In 2012, Egypt’s total oil production averaged around 720,000 barrels per day. “Egypt produces something less than 1 million bbl/day of crude, of which about half comes from newer fields in the Gulf of Suez (less than 1% of total world production), so I don’t think that any jitters in the oil markets are directly related to Egyptian production per se,” notes Frank Kryza, author and expert in North African affairs and former oil executive. (Many of the new finds have been a result of U.S.-based Apache’s exploration.) “Rather they [the jitters] have to do with a possible conflagration of unrest and turmoil spreading from Cairo to other parts of the Middle East, home to the more significant producers,” Kryza says. “Egypt has been the bell weather of the Arab Spring and I suspect that other groups are gauging the degree to which their efforts can get traction by watching events in Cairo.”

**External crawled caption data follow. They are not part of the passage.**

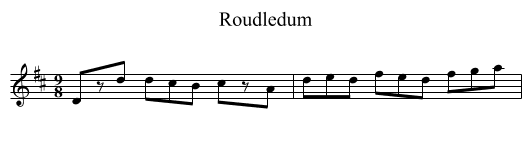 Roudledum - staff notation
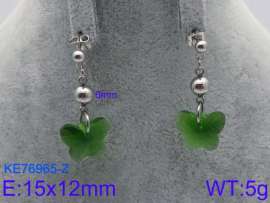 Stainless Steel Stone&Crystal Earring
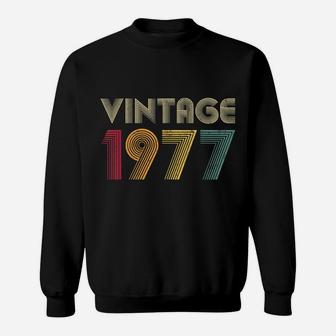Vintage 1977 43Rd Birthday Gift Retro Men Women 43 Years Old Sweatshirt | Crazezy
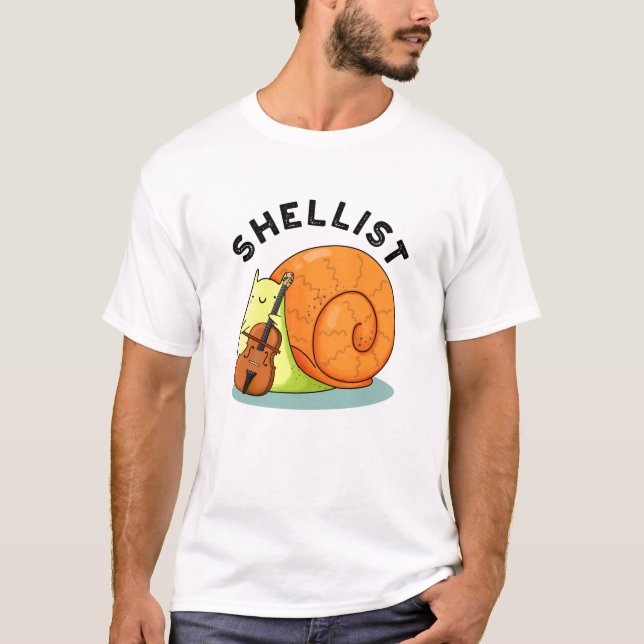 T-shirt Shellist Funny Snail Cello Pun (Devant)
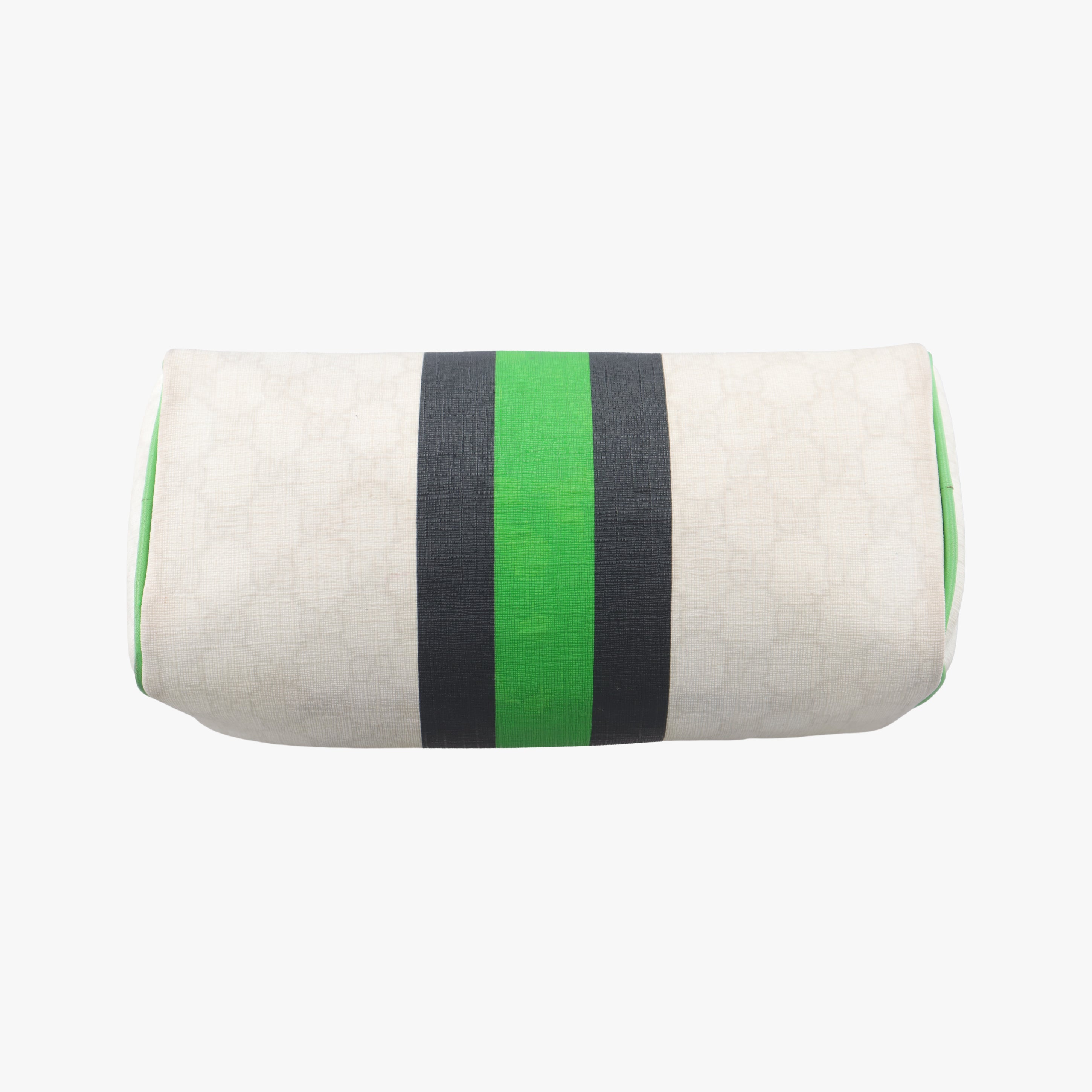 Pre-owned Gucci GG Supreme Tattoo Print Heart Charm Joy Green x White x Black PVC coated canvas 190257 handbag | stylenewstar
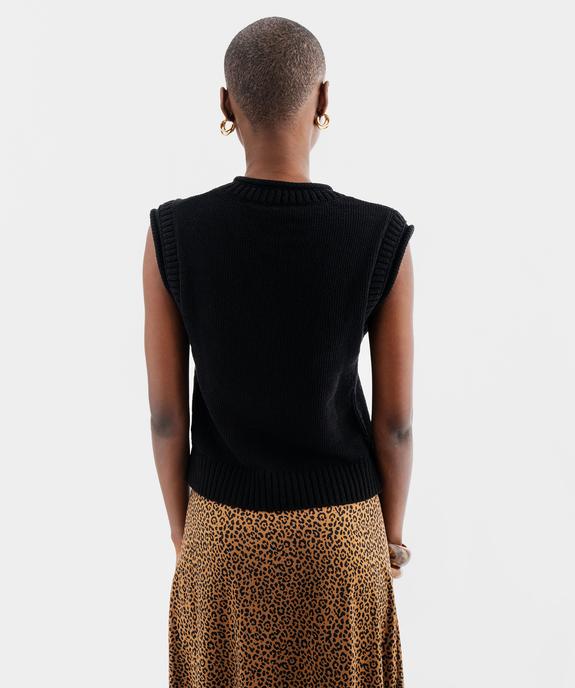 Pull sans manches femme  vue3 - GEMO 4G FEMME - GEMO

Kryza believes oil markets are not going to overreact to events in Egypt. “The oil traders are more focused on the bigger producers,” says Kryza “but I suppose you’d get blips up and down of a few dollars per barrel whenever the headlines from Cairo look good or bad.” Egypt’s perils could impact the liquified natural gas (LNG) trade. In 2012, 1.5 trillion cubic feet (tcf), or around 13% of total LNG traded worldwide flowed through the Suez Canal.
The countries in the Southern Mediterranean, such as Tunisia, Algeria and Libya, which have parallel experiences with the Arab Spring, are most closely watching events in Egypt, suggests Kryza. “I can’t help but notice that when the Morsi forces are looking stronger, the Ennhada group in Tunisia (which is the pro-Islamic organization in Tunis) seems to get their energy levels up; and when the pro-secular forces seem to be doing well, it is the secular forces in the other countries that seem more vocal.”
That the price of oil hasn’t risen higher is notable. Do the markets believe that the re-casting of political power in Egypt towards the military and away from the Muslim Brotherhood is a positive step? The economist’s viewpoint might forecast a future value, but the political scientist and diplomat would have a more nuanced view of these developments. The Arab Spring and its reversals are unchartered waters of vascillating tides of human suffering.